## Source material
===
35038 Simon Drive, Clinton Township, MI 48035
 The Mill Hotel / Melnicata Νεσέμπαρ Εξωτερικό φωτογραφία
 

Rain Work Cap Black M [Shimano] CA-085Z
===
## Work required
Starting with the line that contains "The Mill Hotel", write out each line through the end of the listing, exactly as it appears, and include nothing else.

## Output of the task
 The Mill Hotel / Melnicata Νεσέμπαρ Εξωτερικό φωτογραφία
 

Rain Work Cap Black M [Shimano] CA-085Z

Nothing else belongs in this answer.